Community Benefits Agreements: What Do They Mean for Livable Streets?

Longfellow.pngA rendering of the CBA-mandated walkable development slated for the Longfellow neighborhood of Minneapolis. Image: UrbanWorks Architecture.

Last week, Comptroller John Liu announced plans to convene a task force to study and issue recommendations about community benefits agreements in New York. While details on the task force are still forthcoming, the renewed public attention on these planning tools provides an opportunity to examine how CBAs have worked in New York and how they are increasingly being used to build livable streets.

Community benefits agreements are private contracts between community organizations and developers, requiring that the developer take additional actions for public benefit. In theory, CBAs allow groups that are shut out of the normal planning process to make their voices heard. The first real CBA was tied to the construction of a basketball arena — the Staples Center in Los Angeles, where a coalition of religious, social justice, environmental, health, immigrant and tenant organizations capitalized on public concerns over the project to win promises of living-wage jobs, affordable housing, and local hiring.

In some cases, locals have demanded the inclusion of transportation improvements in the benefits agreement. At the Staples Center, the CBA created a residential permit parking program for the arena’s neighbors. Here in New York, the CBA Columbia University signed as part of its expansion into West Harlem required it to light the viaduct along Broadway and advocate for improvements to subway and bus stations.

Where the public makes livable streets a priority, CBAs can be useful tools. In Minneapolis, one community group in the Longfellow neighborhood was able to win an impressive list of livable streets features from a developer. In addition to traditional CBA provisions like affordable housing and living wage jobs, the locals negotiated a contract mandating bike parking and paths, parking maximums for cars and car sharing, commercial space that engages the sidewalk, and even a requirement that the architecture "must be urban, not suburban, in feel and function."

Melanie Majors, the executive director of the Longfellow Community Council, explained why her group’s CBA focused so heavily on urban design. "CBAs represent what that community has in terms of priorities and in terms of challenges," she said. "In greater Longfellow, our priorities are to have this livable community."

According to Amy Lavine, an expert on CBAs at Albany Law School, we can expect to see more CBAs like Longfellow’s. "As the CBA process expands and branches out," said Lavine, "you’ll see more different approaches." Indeed, Majors says she received dozens of invitations to present on the Longfellow CBA after it was signed.

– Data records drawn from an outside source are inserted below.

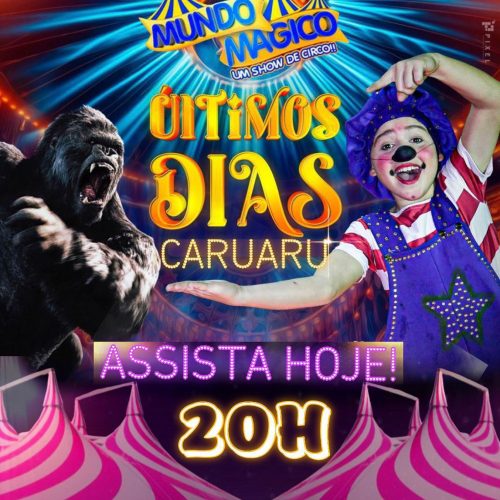 Circo está instalado próximo ao Pátio de Eventos. (Imagem: Divulgação)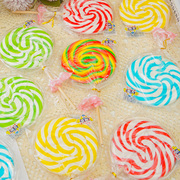 创意60克超大棒棒糖五彩虹波板糖网红零食日式硬糖儿童节日礼物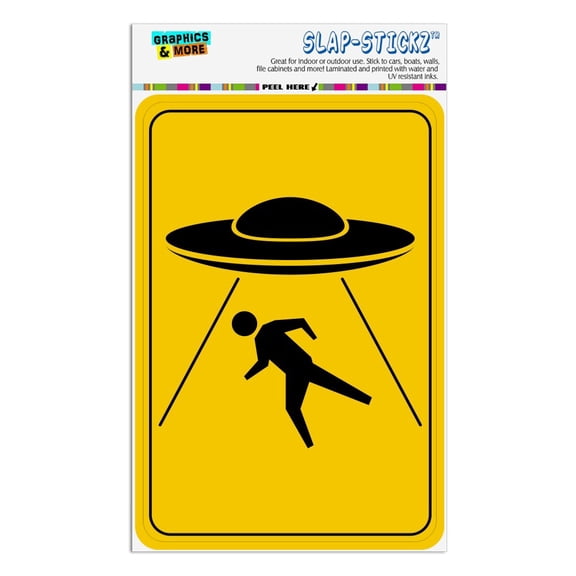 Alien Abduction Hazard Warning Sign Home Business Office Sign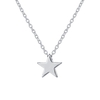 Collar estrella plateada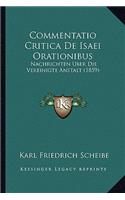 Commentatio Critica De Isaei Orationibus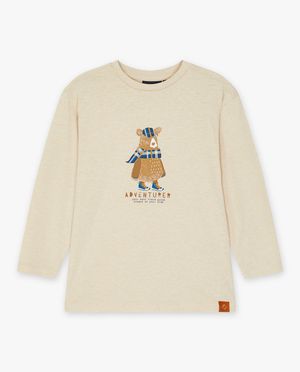 T-shirts - T-shirt &agrave; manches longues avec un imprim&eacute; &agrave; oursons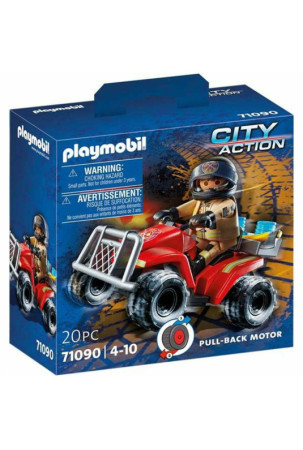 Playset Playmobil City Action Firefighters - Speed Quad 71090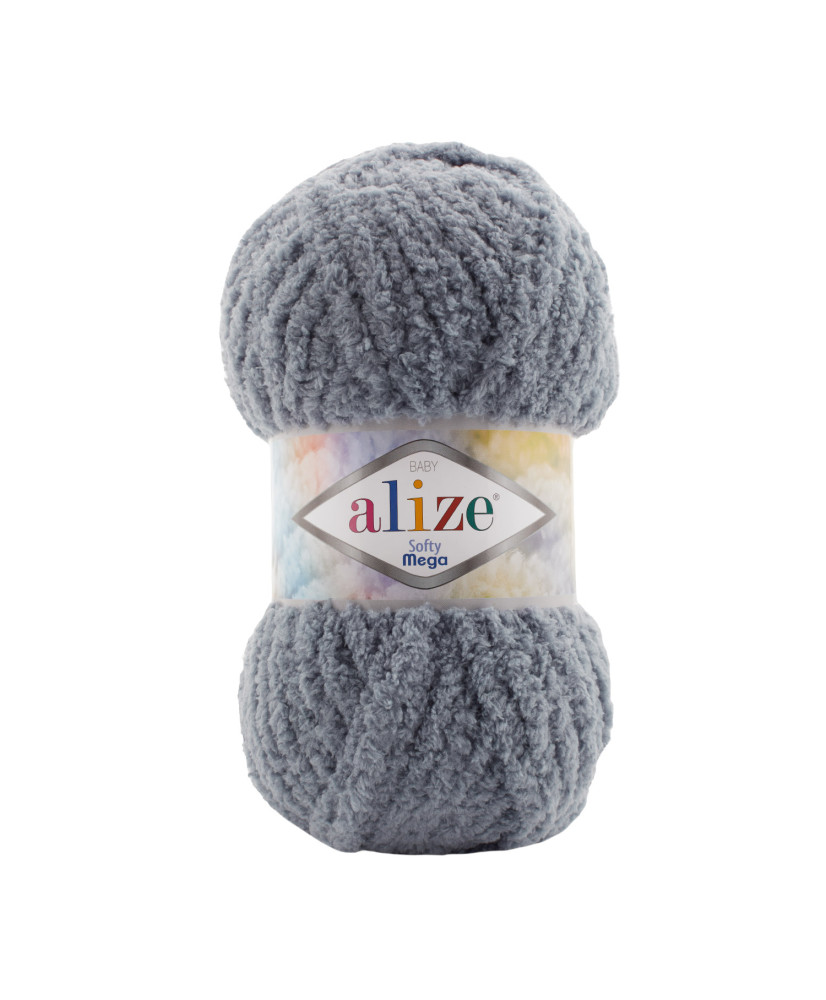 Yarn Alize Softy Mega gray (119) Yarn Alize Softy Mega gray (119)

In New York, however, the history of community benefits agreements is stained with failures. The CBAs crafted here are often held up as models for what not to do, said Lavine. Millions of dollars that the Yankees promised to local organizations have never been distributed. In Brooklyn, the Atlantic Yards CBA has been criticized as little more than a fig leaf for the developer.

Lavine cited the lack of real community involvement in the negotiations of the Columbia, Atlantic Yards, and Yankee Stadium CBAs as undermining those agreements. "There have also been issues with people taking money from developers," she added. "That’s certainly not a best practice."

The potential to fix the well-documented shortcomings of New York’s CBAs may be limited. "The idea of a CBA is a private contract between two parties," said Lavine. "You can only regulate that so much."

Even so, livable streets advocates should keep their eyes on Liu’s task force. The comptroller’s office says that it hasn’t yet worked out the details of its proposal, but no matter what, CBAs are here to stay. And as the Longfellow project shows, they can help steer development to meet livable streets goals.